La controversia origina dal ricorso presentato da due cittadini di nazionalità tedesca ai quali le autorità polacche hanno negato la trascrizione dell’atto matrimoniale.

La Corte di giustizia dell’Unione Europea, riunita in Grande Sezione, ha pronunciato la sentenza C-713/23 con la quale ha stabilito che gli Stati membri dell’Unione non hanno l’obbligo di introdurre nei propri ordinamenti giuridici il matrimonio omosessuale, ma – al fine di garantire ai cittadini europei il diritto di libera circolazione e soggiorno – devono consentire la trascrizione negli archivi dello stato civile di un atto matrimoniale celebrato in un altro Paese membro, qualora questa sia l’unica via per riconoscere l’unione coniugale.

La fattispecie riguarda due cittadini polacchi che avevano contratto matrimonio nella capitale tedesca e successivamente avevano fatto ritorno in Polonia per proseguire la vita coniugale.
La richiesta di trascrizione dell’atto di matrimonio presso i registri dello stato civile polacco aveva ricevuto risposta negativa dalle autorità amministrative, poiché l’ordinamento polacco non ammette le nozze tra persone del medesimo sesso.

Contro il provvedimento di diniego era stato presentato ricorso davanti ai giudici nazionali i quali lo avevano rigettato confermando la decisione degli uffici di stato civile.
La Corte suprema amministrativa polacca, prima di decidere definitivamente, ha sottoposto la questione al giudice di Lussemburgo.
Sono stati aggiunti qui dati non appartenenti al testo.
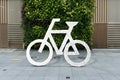 White bicycle sign on asphalt. Bike lane cycle on sidewalk. Royalty Free Stock Photo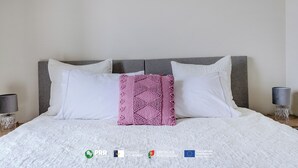 A neatly made bed with white bedding and a single decorative pillow.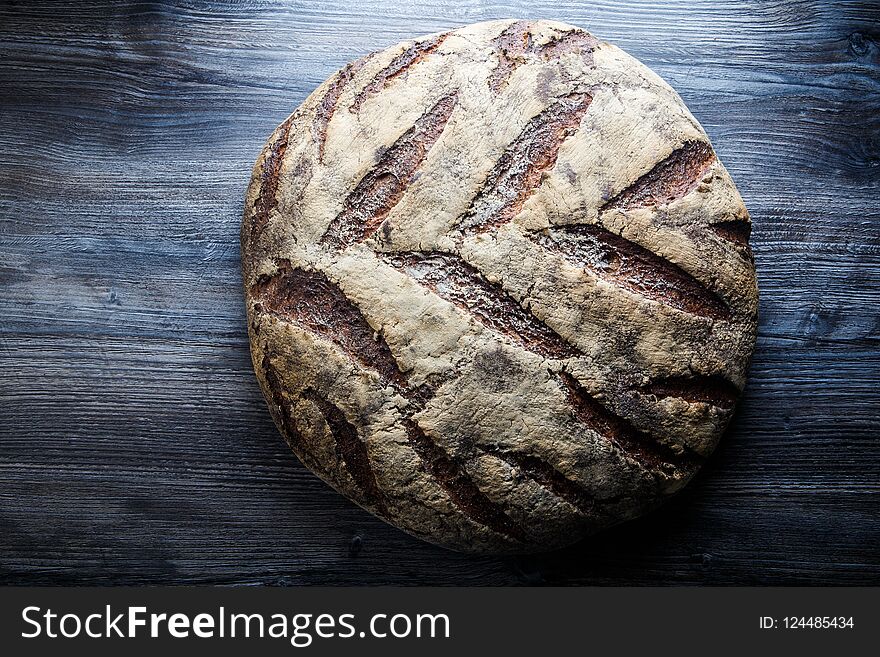 big whole handmade round black bread with interesting texture lie on dark wooden table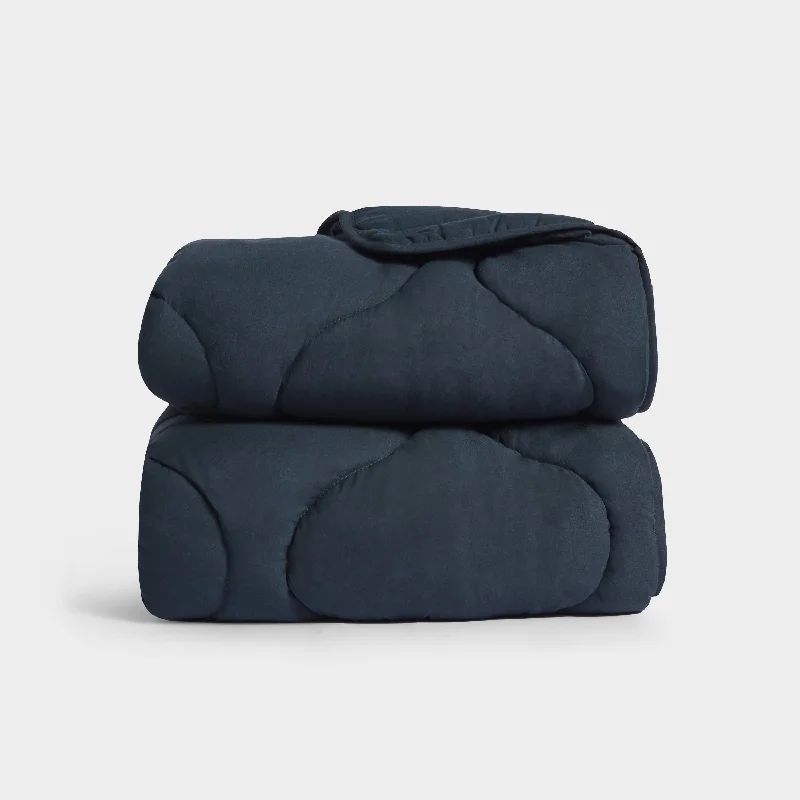 modern floral pillowcase-Quilted Snuggle Blanket in Navy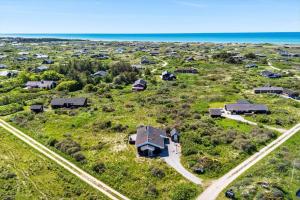 an aerial view of a house with the ocean at LN674-Hjorring-Rodspaettevej-16 in Hjørring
I giudici europei hanno ribadito che compete agli Stati membri disciplinare la materia matrimoniale, purché nel rispetto delle libertà garantite dal diritto dell’Unione.
Infatti, i cittadini dell’Unione europea – proseguono i Giudici – godono del diritto alla libertà di circolazione e di soggiorno nel territorio comunitario, diritto che include la possibilità di proseguire la propria esistenza familiare secondo le proprie determinazioni.
Per l’effetto, allorquando un divieto – come quello posto dalle autorità polacche – ostacola il regolare svolgimento della vita familiare, obbligando di fatto i coniugi a vivere come se non fossero sposati, si verifica una lesione del diritto dell’Unione poiché viene compromessa l’efficacia dei diritti connessi alla cittadinanza europea, oltre al diritto al rispetto della vita privata e familiare sancito dall’articolo 7 della Carta dei diritti fondamentali.

Ciò detto, resta fermo – chiarisce la Corte – il diritto dello Stato di disciplinare l’istituto matrimoniale senza dover modificare il proprio ordinamento, conformemente al margine di discrezionalità riconosciuto agli Stati, purché non si violi il diritto dell’Unione. Di conseguenza, se in un Paese membro l’unica modalità per riconoscere il rapporto familiare tra coppie omosessuali è la trascrizione, le autorità nazionali devono procedere in tal senso e prevedere la trascrizione sia per i matrimoni eterosessuali sia per quelli tra persone dello stesso sesso.
Gli Stati conservano, tuttavia, la facoltà di scegliere altre forme di riconoscimento, a condizione che non rendano impossibile o eccessivamente difficile l’attuazione dei diritti connessi alla cittadinanza europea.